En cuanto estuvo de nuevo en forma, Cuéllar volvió al ejército, tanto en Europa como en las Américas. Nada se sabe de su suerte final. Pero nosotros sabemos, que allá donde esté, seguirá luchando por nuestro Dios y por España. Como aquellos héroes de la Invencible a los que jamás deberíamos olvidar.
«La fuga del náufrago»
Son apenas ciento veinticinco páginas, pero de primerísima categoría. Miquel Silvestre recorrió la ruta que el valiente capitán y náufrago de «La Invencible» Francisco de Cuéllar realizó por el norte de Irlanda. El libro nos sumerge en nuestra historia, pero también es un acercamiento entrañable a la Irlanda profunda, esa que cada noche en los pub, guinness va, cerveza guinnes viene, hace leyenda de la historia. Un libro verdaderamente precioso del que todo es aprovechable. Tanto su recuerdo de una parte de esta historia tan española y tan poco conocida, como por la aportación de suculentos párrafos de la carta que Cuéllar escribió a Felipe II, y por el recuerdo de esa Irlanda que se mueve entre los ritmos de los Dubliners o los Pogues.

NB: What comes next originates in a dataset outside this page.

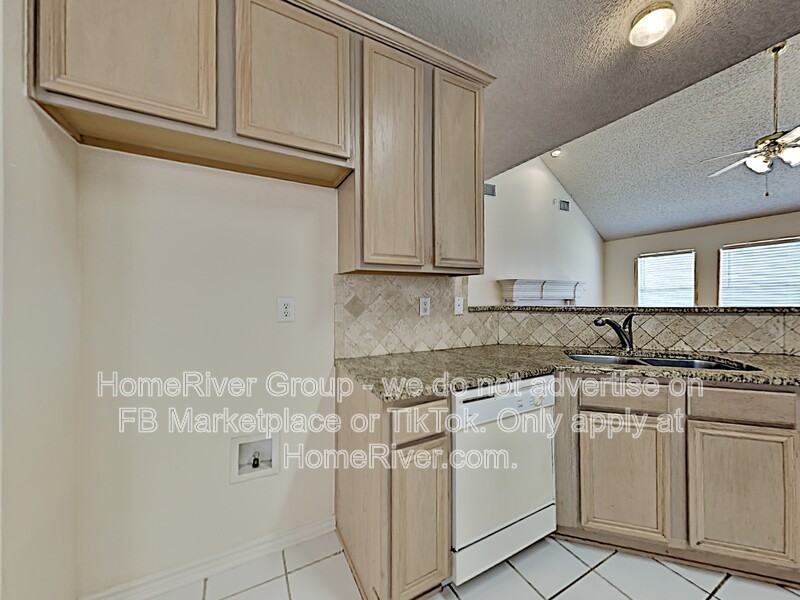 9812 Cliffside Dr - Photo 7 of 24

Para despedirnos, nada mejor que quedarnos con las palabras del propio Miquel: «Siempre me emocionó el toque de oración que la corneta llora al atardecer. Es un toque por los caídos. No por los generales, los almirantes o los comerciantes de la ciudad; es un toque por cada uno de los humildes españoles que fueron a morir lejos de su casa, en Flandes, Filipinas o Irlanda».